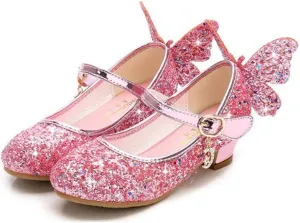 TangDao Kids Girls Sparkly Butterfly Mary Jane Wedding Party Shoes Glitter Bridesmaids Low Heels Princess Heels Dress Shoes(Toddler/Little Kid/Big Kid)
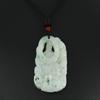 2.2" China Certified Grade A Nature Hisui Jadeite Jade Blessing Manjusri Hand Carved Neckalce Pendants with Slight Crack 0108 view 3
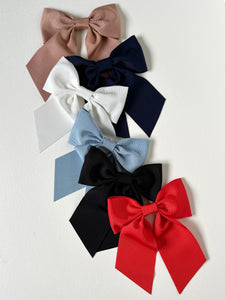The Row Bow | Luxury Petersham Bow | Sailor Style Bow | Grosgrain Large Bow | Custom Fastener | Several colors | Gift for Her-Hair Bow-Bardot Bow Gallery-Bright Red-Bardot Bow Gallery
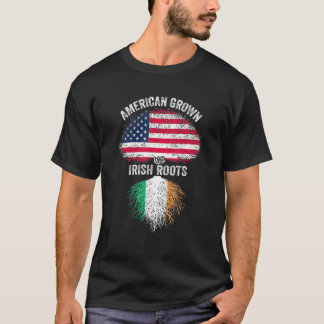 Camiseta Bandeira Irlandesa Americana Cultivou Ruas Raízes.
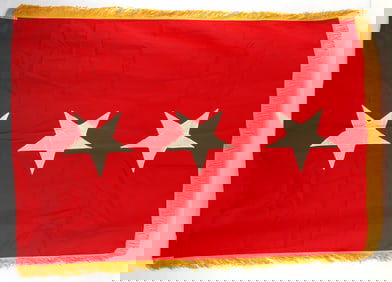 US OMAR BRADLEY LT. GENERAL'S FLAG WITH SIGNATURE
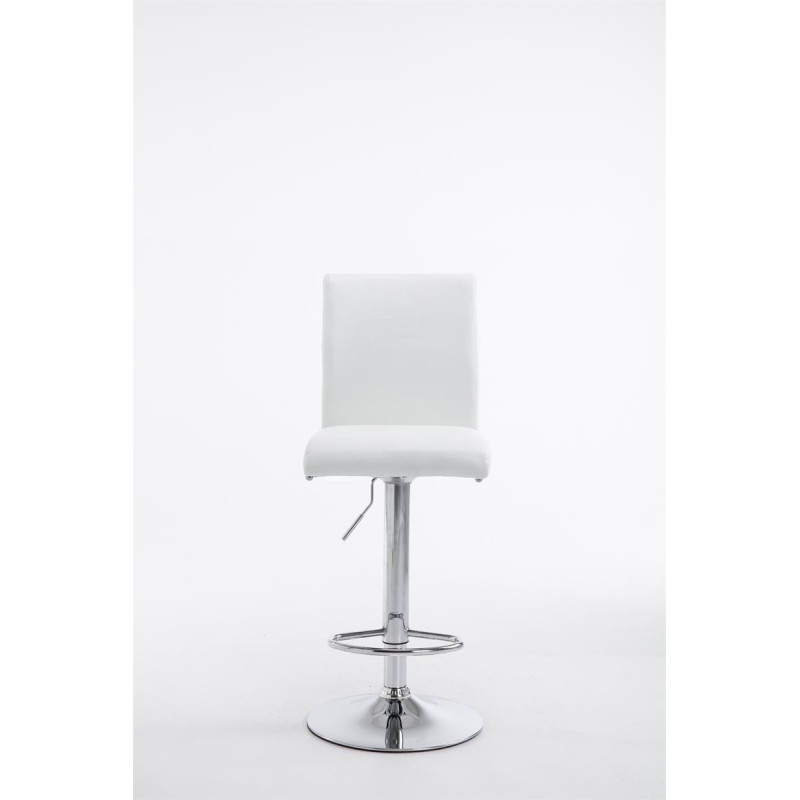 Lot de 2 tabourets de bar Cologne simili cuir chromé blanc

──────

§ **Exercise objective**
Begin with the line that contains "0108 view 3" and copy every line through the end of the listing, exactly as written, both ends included. Pictures are not part of the copy.

§ **Output for this task**
 2.2" China Certified Grade A Nature Hisui Jadeite Jade Blessing Manjusri Hand Carved Neckalce Pendants with Slight Crack 0108 view 3
The Row Bow | Luxury Petersham Bow | Sailor Style Bow | Grosgrain Large Bow | Custom Fastener | Several colors | Gift for Her-Hair Bow-Bardot Bow Gallery-Bright Red-Bardot Bow Gallery
 Camiseta Bandeira Irlandesa Americana Cultivou Ruas Raízes.
 US OMAR BRADLEY LT. GENERAL'S FLAG WITH SIGNATURE
 Lot de 2 tabourets de bar Cologne simili cuir chromé blanc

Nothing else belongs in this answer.